Icarus
The birds had given him the idea. After all, they were his only visitors. He couldn’t recall when the idea first took root, but amid the fog of days, it began to grow into something magnificent.
Most were too quick to dismiss birds, thinking them simple creatures. He too had given them little attention, but as the isolation dragged on, he studied them more closely. Soon, he realised they studied him too. One long night, the glint of a distant aircraft flashed in a hundred, beady eyes on the opposite roof.
He resolved to win them over, and so began his nightly habit of squirrelling away his meagre lunch and presenting the crumbs on the ledge. They were cautious, but after several days, if he remained very still, they would deign to claim his offering. And so he watched.
He watched how they would strut and fuss among themselves, as though the rest of the world was trivial. He watched them croon and stretch and caw and roost. Most importantly, he watched them fly, unfurling their wings like switchblades to cut through the air. Even a short drop to the story below was an act of aerial grace. Soon, he struggled to focus on anything else.

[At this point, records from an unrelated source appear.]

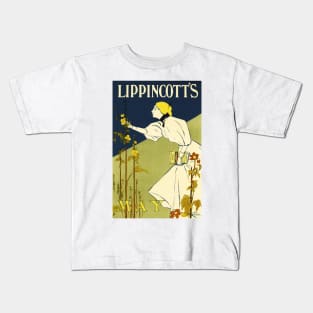 LIPPINCOTT'S MAY American Magazine Cover Art by William Carqueville 1895 Kids T-Shirt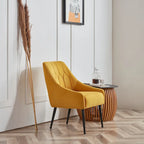Fauteuil d'appoint rembourré beige/jaune/gris avec pieds en métal – Siège simple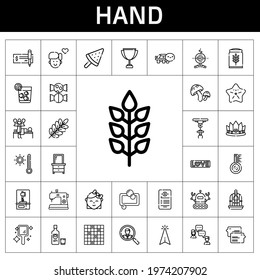 hand icon set. line icon style. hand related icons such as cursor, love, boy, branch, hand mirror, axe, robot, vodka, ice cream, tic tac toe, wheat, starfish, trophy, massage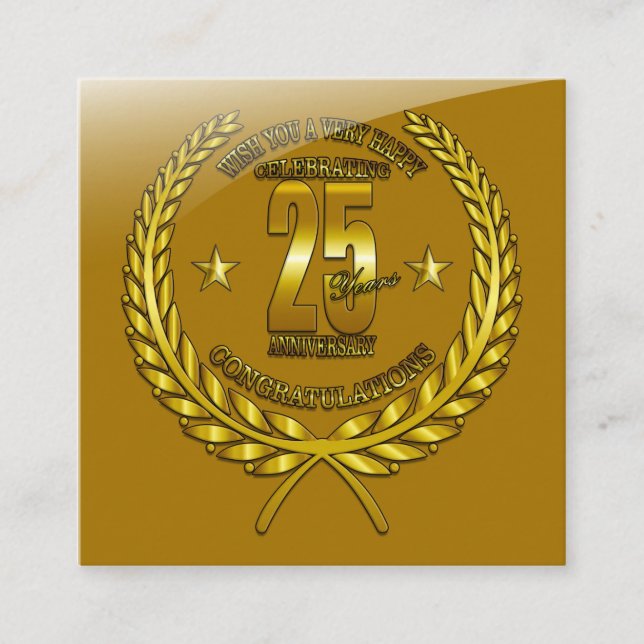 Congratulations to the 25th Anniversary Enclosure Card (Front)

When he first pocketed the stray feathers, he assumed it was sentimentality, simple gratitude for the little souvenirs they left behind. But, though he did not wish to acknowledge it, he could feel the realisation slowly squirm its way to the surface.
Months slouched on, but by March, he had only amassed several dozen. It would not be enough. As he watched them scrape at the window, hopping eagerly from foot to foot, he knew he would have to change tact. That night, he gave them all he had.
And so it was that one overcast morning, the council were called following a deluge of complaints. People did not know where the carcasses were coming from, but the now sizable heap of naked, little bodies had begun to fester. A team was dispatched, and with them a small retinue of supervisors, managers and anyone with the appropriate air of superiority.
And so it was that the small crowd of onlookers were perfectly placed to spot what could only be compared to an angel. They all watched in awe, as it heaved its way onto the tower block ledge, unfurled its vast wings, and hopped off with angelic indifference.
Their wonder continued all the way to the very moment the body hit the concrete.
The clean up didn’t take long, in twenty minutes there wasn’t a trace. While the sanitation team had little difficulty scraping him from the pavement, the coroners and mortician could not separate man from bird.